Work instruction: Repeat the records in full and exactly, omitting pictures.

Image-caption web data:
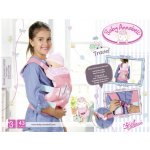 Zapf Creation Baby Annabell 704226 Klokanka – Sleviste.cz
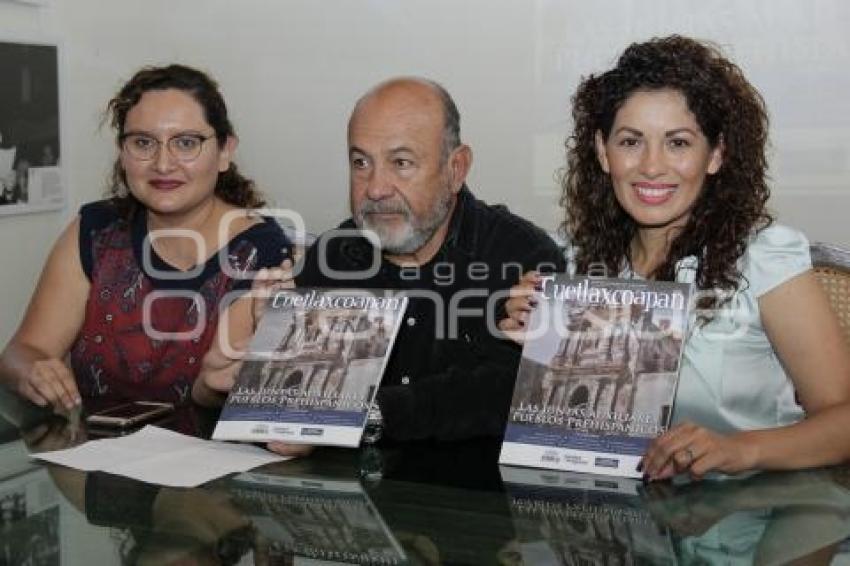 REVISTA CUETLAXCOAPAN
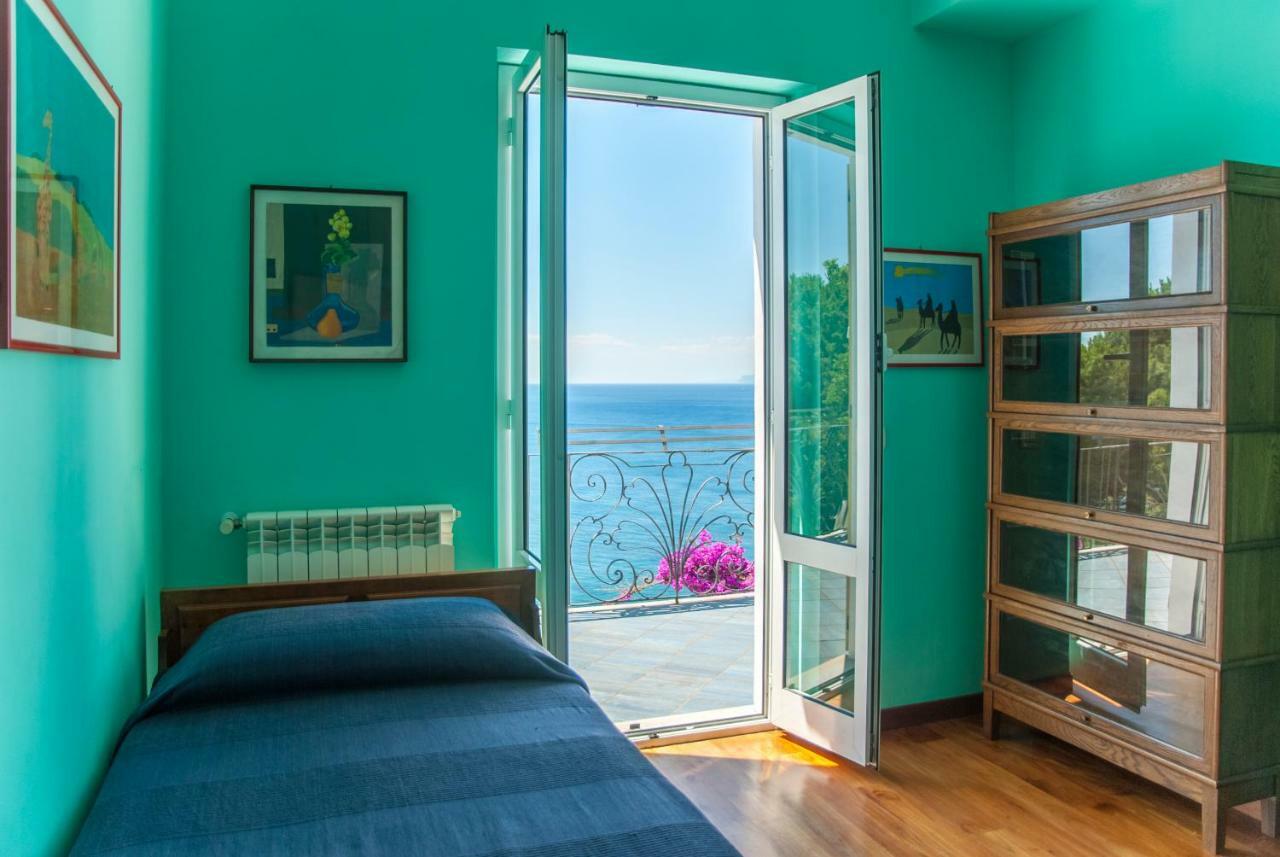Villa Eliodora - Due Appartamenti أرنزانو المظهر الخارجي الصورة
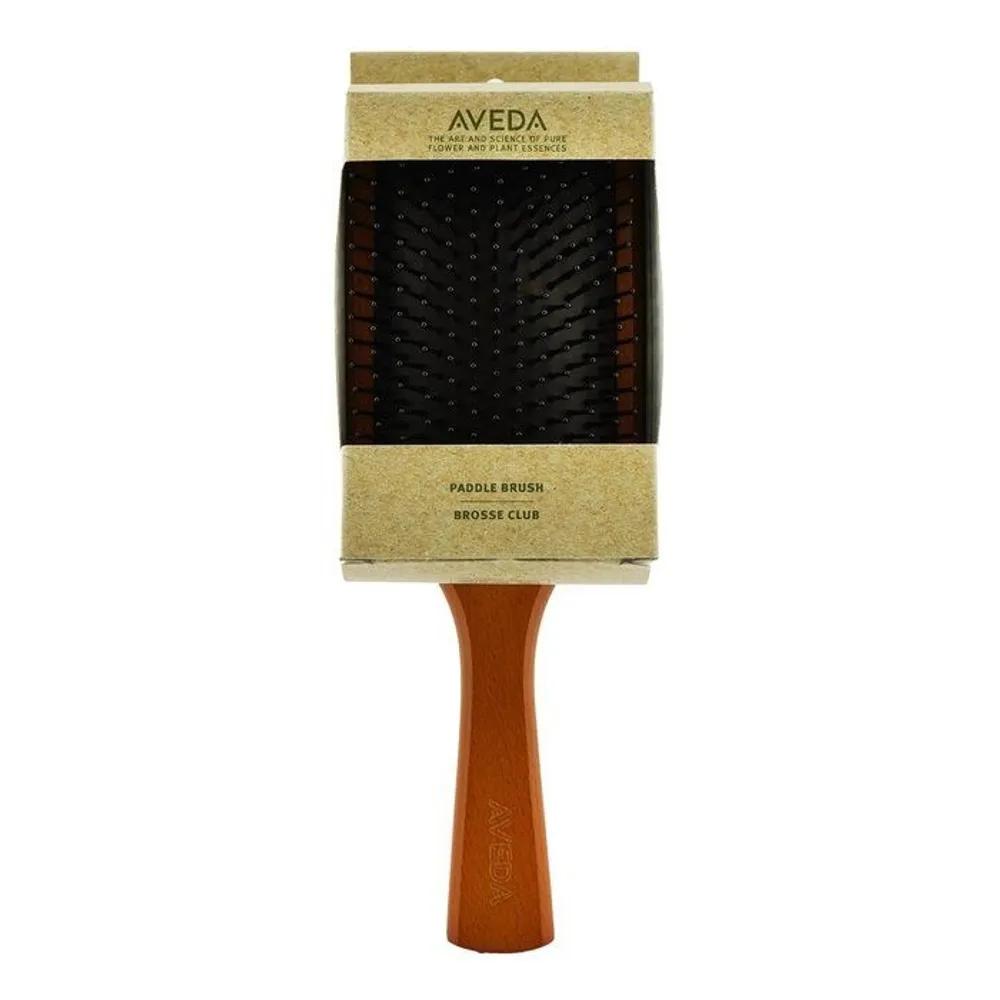 Wooden Paddle Brush 1 pcs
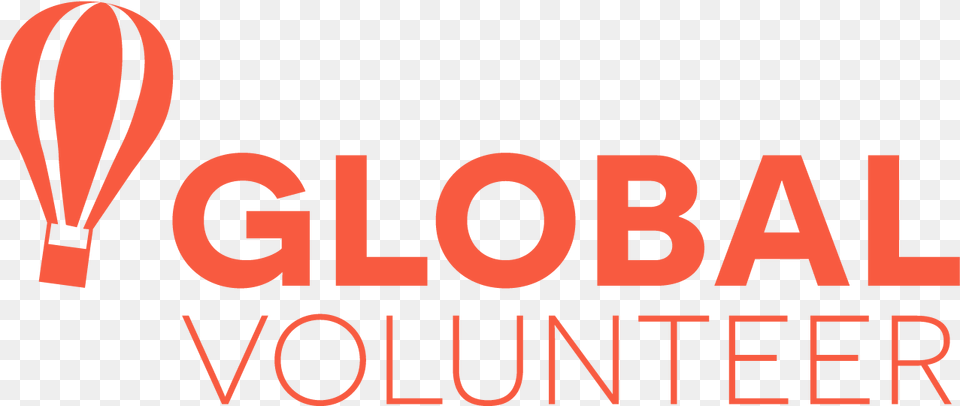 Global Volunteer Logo 02 Aiesec In Hungary Global Volunteer Logo, Balloon, Aircraft, Transportation, Vehicle Free Transparent Png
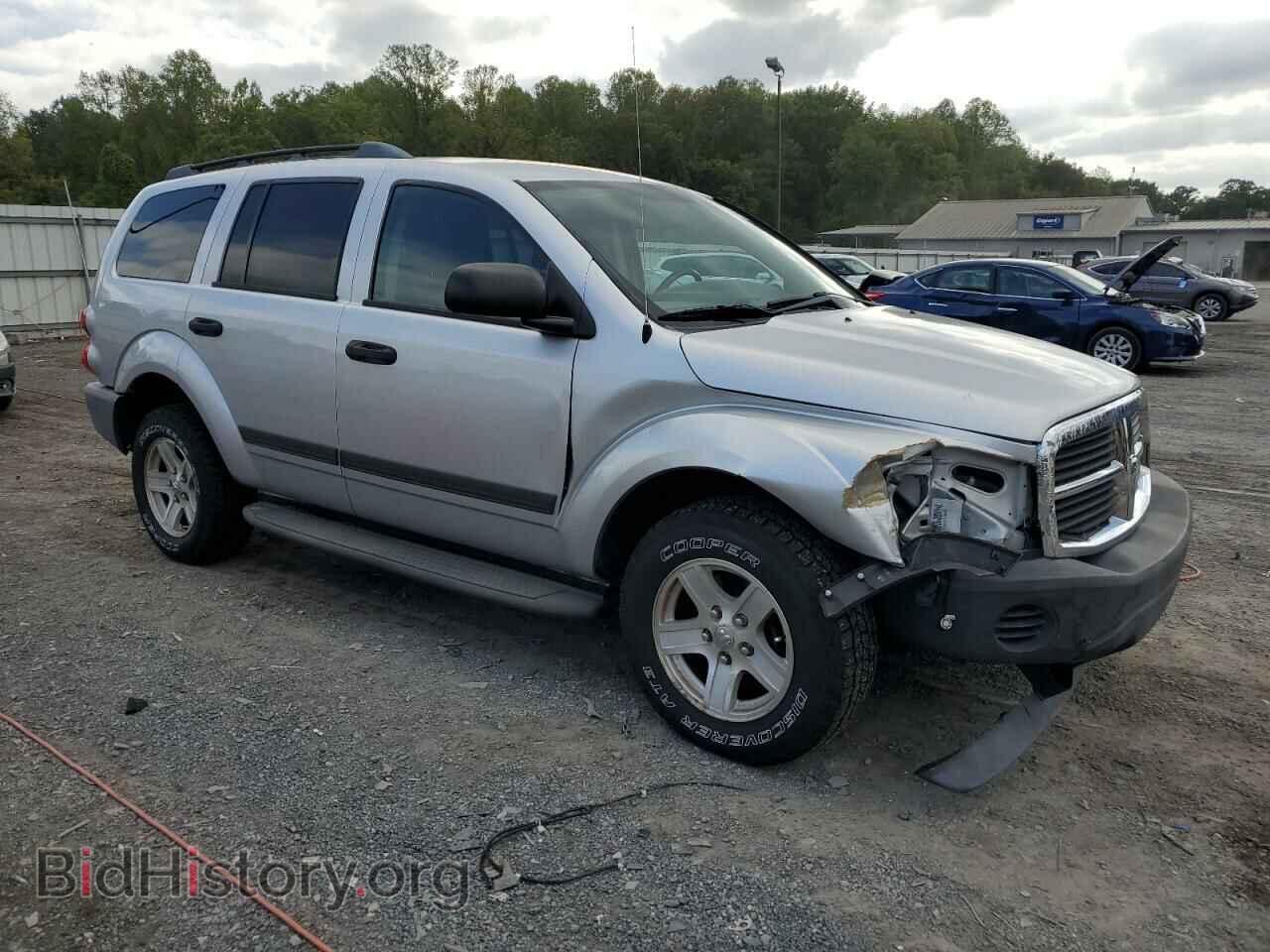 2006 DODGE DURANGO - VIN: 1D4HB38N66F120425 - Photo 4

Your response:
 Zapf Creation Baby Annabell 704226 Klokanka – Sleviste.cz
 REVISTA CUETLAXCOAPAN
Villa Eliodora - Due Appartamenti أرنزانو المظهر الخارجي الصورة
 Wooden Paddle Brush 1 pcs
 Global Volunteer Logo 02 Aiesec In Hungary Global Volunteer Logo, Balloon, Aircraft, Transportation, Vehicle Free Transparent Png
 2006 DODGE DURANGO - VIN: 1D4HB38N66F120425 - Photo 4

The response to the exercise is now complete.